Requirement - Retype the data exactly, skipping any picture in it.

The data: Begin

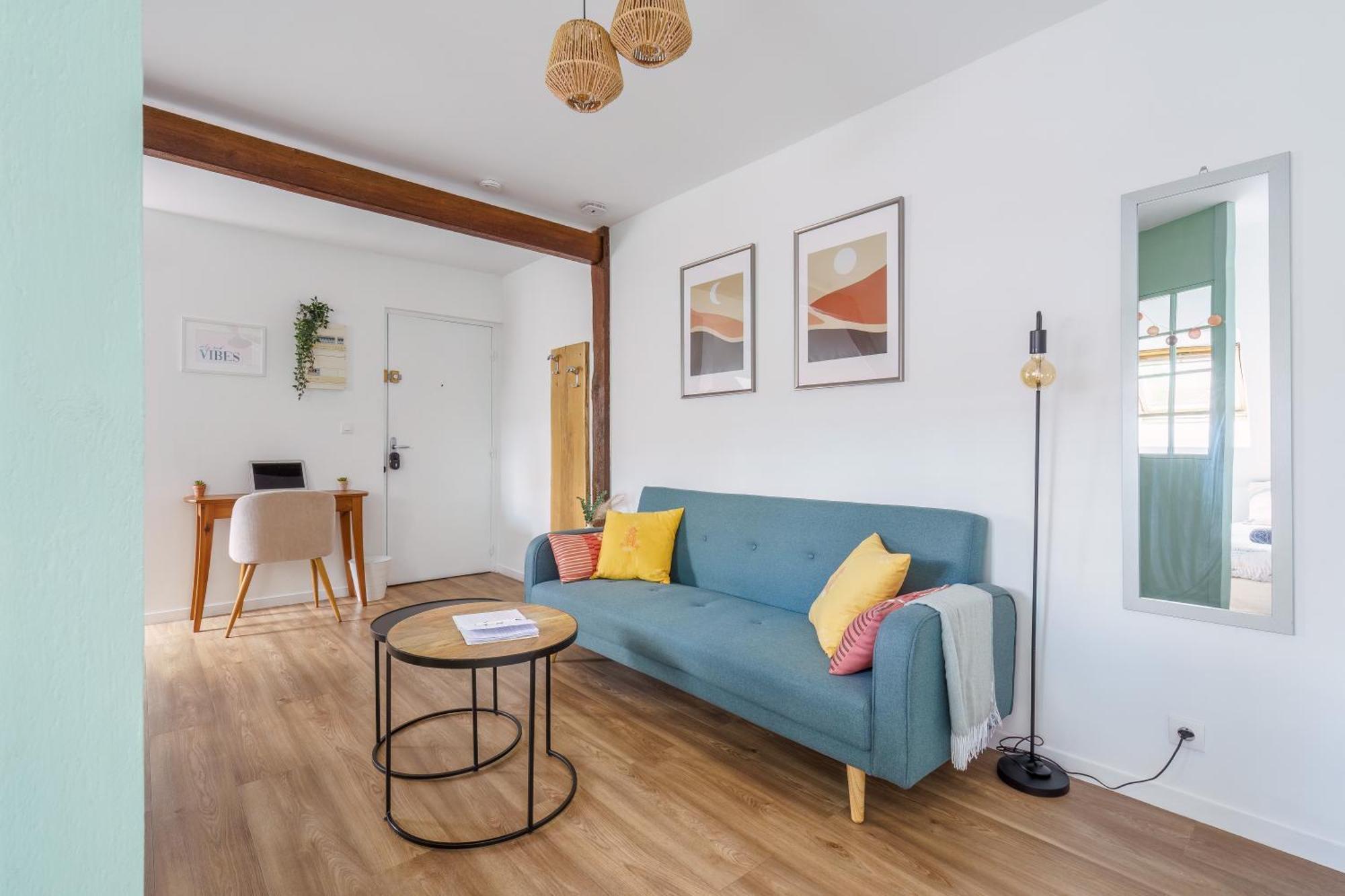 Appartement Le Petit Refuge Par Your Sweet Loc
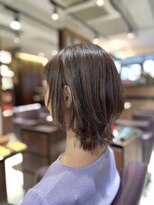 アイフィール アヴェダ 瑞江店(i feel AVEDA)&nbsp;くびれ外ハネボブ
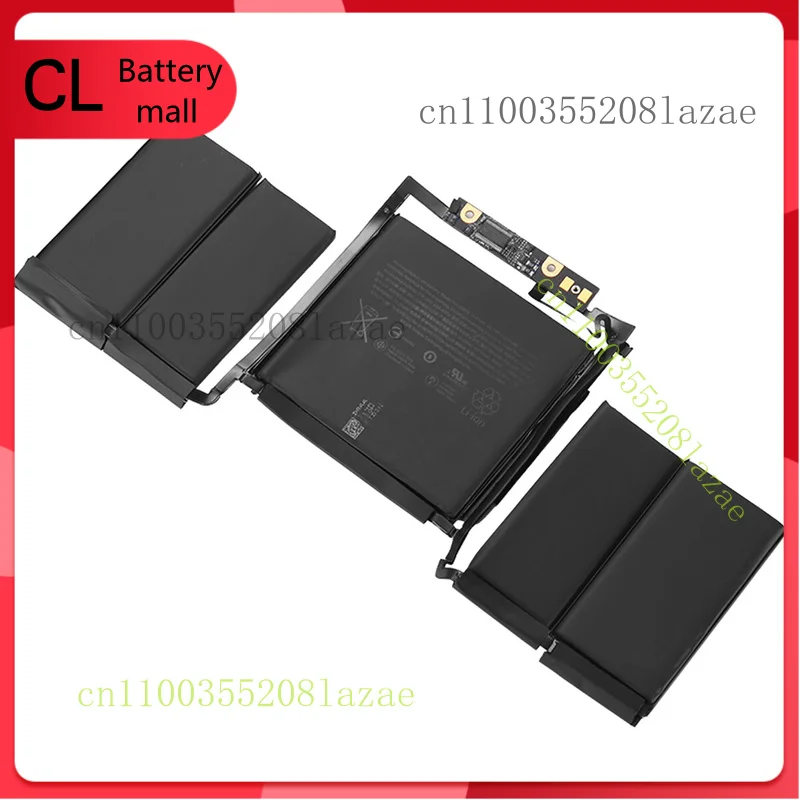 

Genuine A1819 Battery for Apple Macbook Pro 13" A1706 2016 MPXV2LL/A MLH12LL/A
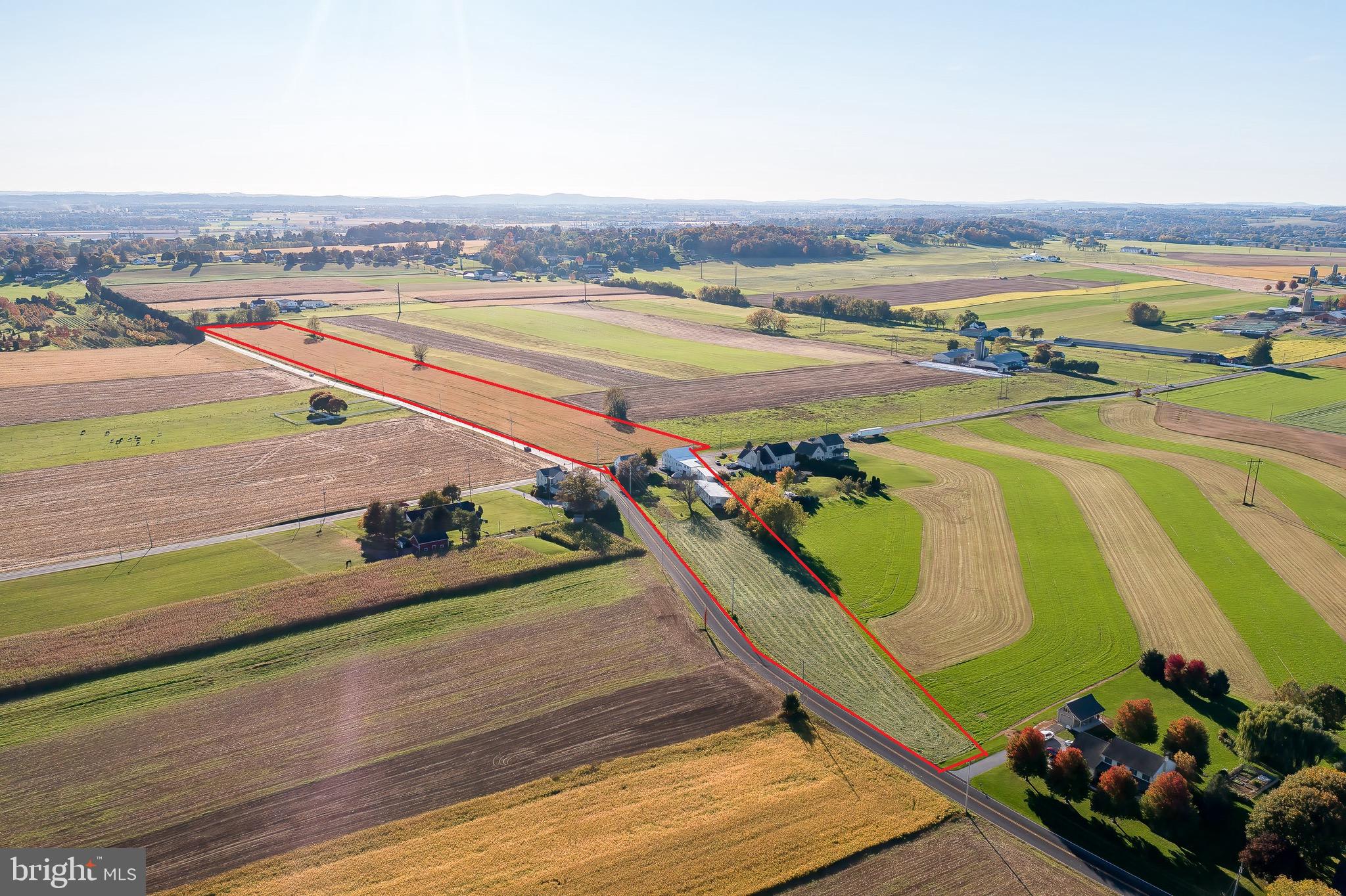 795 Temperance Hill Road Lititz, PA 17543 - Photo 69 of 76 Approximate Boundary Lines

The data: End

Answer for this exercise -
 Appartement Le Petit Refuge Par Your Sweet Loc
 アイフィール アヴェダ 瑞江店(i feel AVEDA)&nbsp;くびれ外ハネボブ

Genuine A1819 Battery for Apple Macbook Pro 13" A1706 2016 MPXV2LL/A MLH12LL/A
 795 Temperance Hill Road Lititz, PA 17543 - Photo 69 of 76 Approximate Boundary Lines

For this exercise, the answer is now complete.